You can also write your own data source connector with Amazon Athena Query Federation SDK. An example connector is available at bit.ly/2YEm0og. The Amazon Athena Query Federation SDK includes the following key features:

  • S3 spill
  • Partition Pruning
  • Parallel Scans
  • Portable columnar memory format (Apache Arrow)
  • Authorization
  • Congestion control/avoidance

Amazon Athena Custom UDFs

Amazon Athena now adds the ability to build custom user-defined functions (UDFs), which provide the ability to pre- or post-process the data, provide access controls, and add custom logic during data access. You can invoke UDFs in the select or filter phase of an Amazon Athena query.

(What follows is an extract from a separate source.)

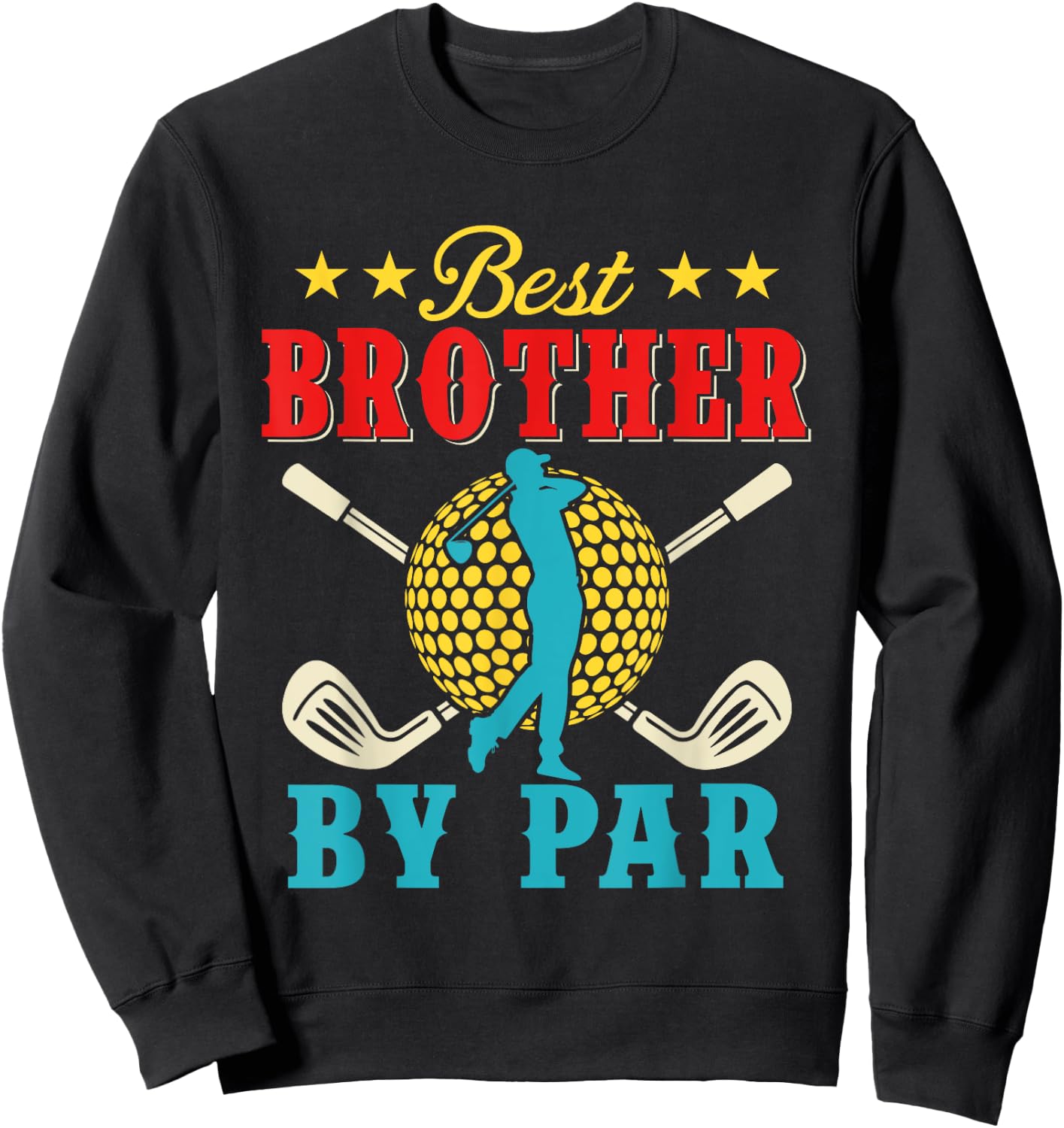 Vintage Best Brother By Par Father's Day Golf Player Golfer Sweatshirt - Sweatshirt | Black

Amazon Athena custom UDFs provide the following features:

  • UDFs are powered by AWS Lambda.
  • UDFs support network calls.
  • UDF invocation can be used in the select and/or filter phase of the query.
  • Athena optimizes performance, thus allowing you to focus on the business logic.

Using Machine Learning with Amazon Athena

Amazon Athena allows you to invoke ML models for inference directly from SQL queries. You can use ML with your SQL analysis for anomaly detection, customer cohort analysis, and sales prediction from your standard analytical queries. The models available on SageMaker can be used for inference, and no additional setup is needed to invoke the models. Combining the federated query with ML makes Athena a very powerful asset in your analytical ecosystem. A typical workflow might have a data scientist using Amazon Athena federated query to select data from multiple data sources to understand the patterns and then perform data transformation using other tools or Athena UDFs before using this curated dataset to train a model on SageMaker and deploy it. Once the model is available on SageMaker, any user having access can use it for ML inference. Please follow the blog to get some hands-on experience with using Amazon Athena in your ML pipeline (amzn.to/2YBsc02). The following code snippet shows a sample query to invoke inference from Amazon Athena:

USING FUNCTION predict
 (platform int,
 genre int,
 critic_score int,
 user_score int,
 rating int)
 returns double TYPE_SAGEMAKER_INVOKE_ENDPOINT WITH
(Sagemaker_endpoint='myxgboostendpoint')

USING FUNCTION normalize_genre(value VARCHAR)
 returns int TYPE LAMBDA_INVOKE WITH (lambda_name='myLambdaFunction')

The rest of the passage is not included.